The Bureau of Fisheries and the Philippine Fishports Development Authority have introduced a nationwide program to facilitate the distribution of fish straight from the ports to the remote towns of the country.
Agriculture Secretary Emmanuel Piñol said the program called “Isda sa Kabukiran,” or Fish in the Rural Areas, would involve the BFAR and the PFDA in a distribution system where the fishing communities and fishermen would be organized and provided with ice-making and cold storage facilities.
From the cold storage facilities, fish would then be brought by fish cars owned by the fishermen’s associations to strategic locations in the interior areas, called the Provincial Fish Distribution Centers.
Piñol said the centers would be equipped with cold storage and ice-making facilities where fish vendors could buy wholesale for resale in the wet markets.
A municipal distribution center may also be set up in other more remote areas, where local vendors could also buy wholesale at a lower price.
Piñol said up to 40 percent of the fish catch in many fishing grounds is lost to spoilage simply because there are no cold storage or ice-making facilities.
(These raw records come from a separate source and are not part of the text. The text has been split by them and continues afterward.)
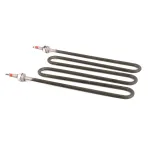Pitco P5046968 ELEMENT,TUBLR 6KW 240V PPE14 P
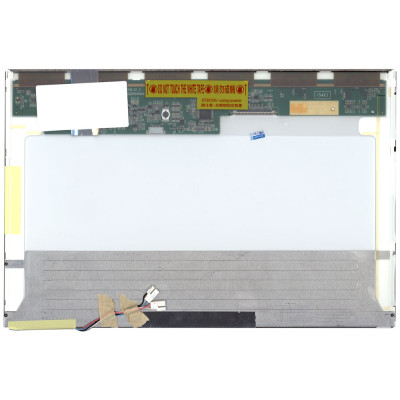 Матрица LTN154X9-L02 для Toshiba
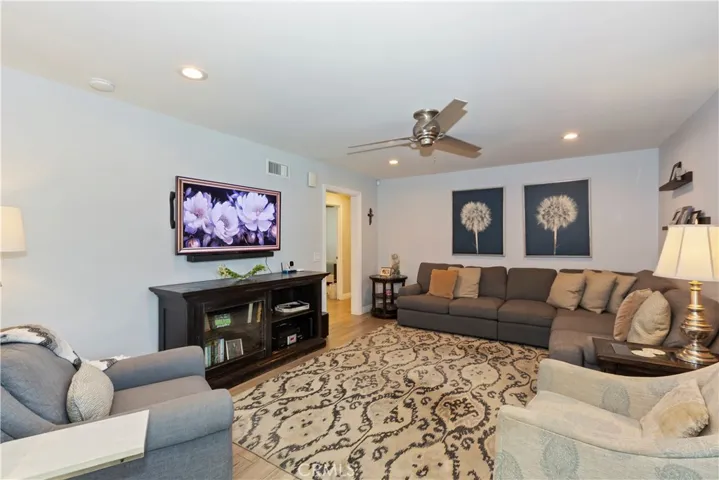 1335 N Vallejo Way, Upland, California 91786
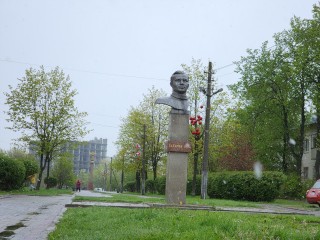 В Егорьевске аварийные службы задействуют в случае непогоды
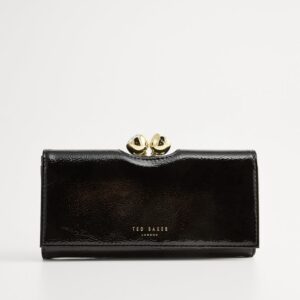 Ted Baker Monedero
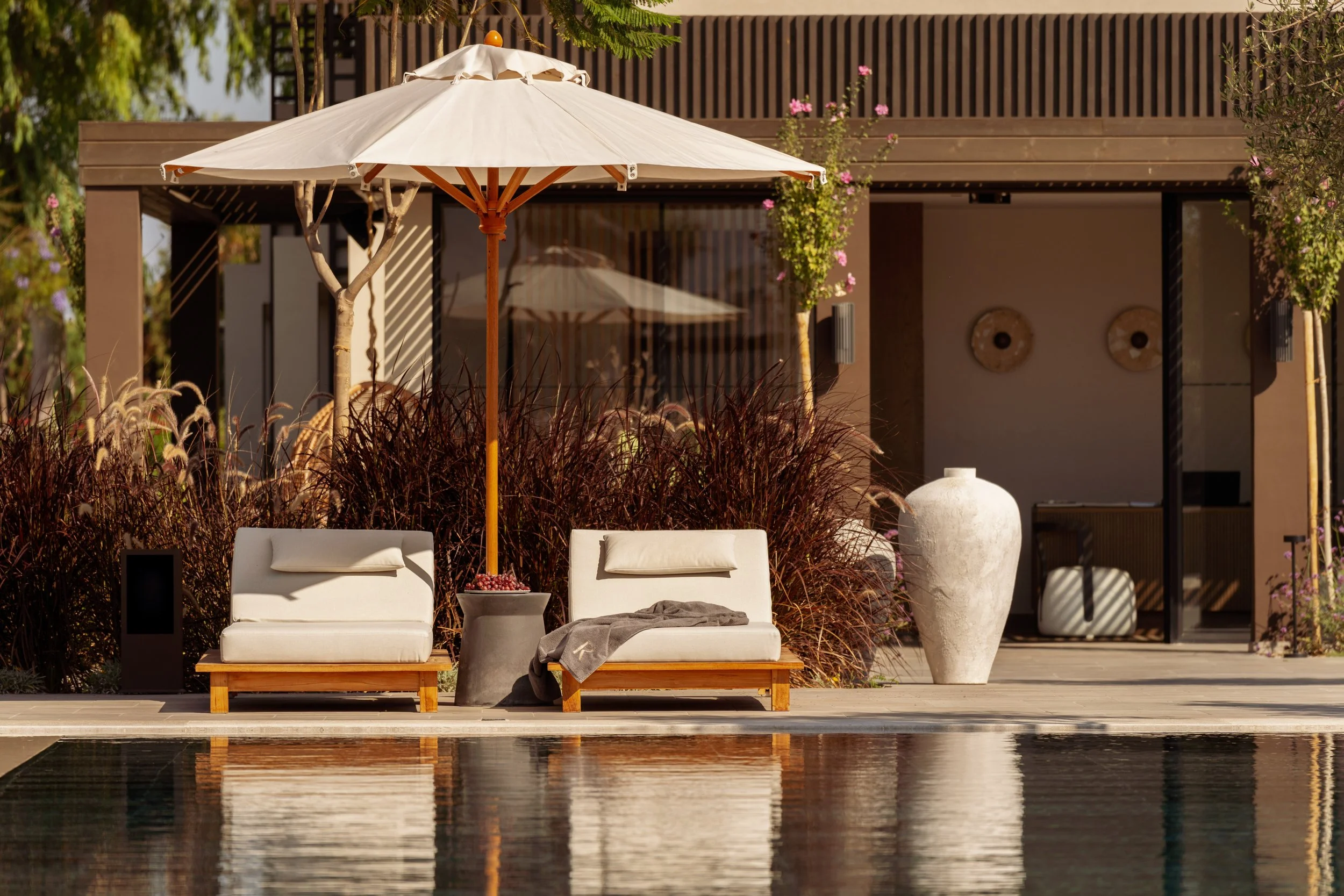 POOL AREA (2).jpeg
While ordinary fish like “tamban” or sardines is sold for as low as P20 to P25 per kilo in many fishing communities, many poor families living in the mountains and interior towns and villages could not buy fish.
Piñol said under the present system, private fish traders who own fish cars buy from the fish consolidators in the ports.
They will then bring the fish supply to the interior towns but by then, the price will already be too high because of the profit earned by the fish consolidator.
Piñol said by the time the P25-per-kilo “tamban” reaches the interior areas, the price would have already breached P200 per kilo.
Piñol directed Agriculture Undersecretary Eduardo Gongona, who is also BFAR director, to coordinate with the PFDA for the immediate implementation of the program this year.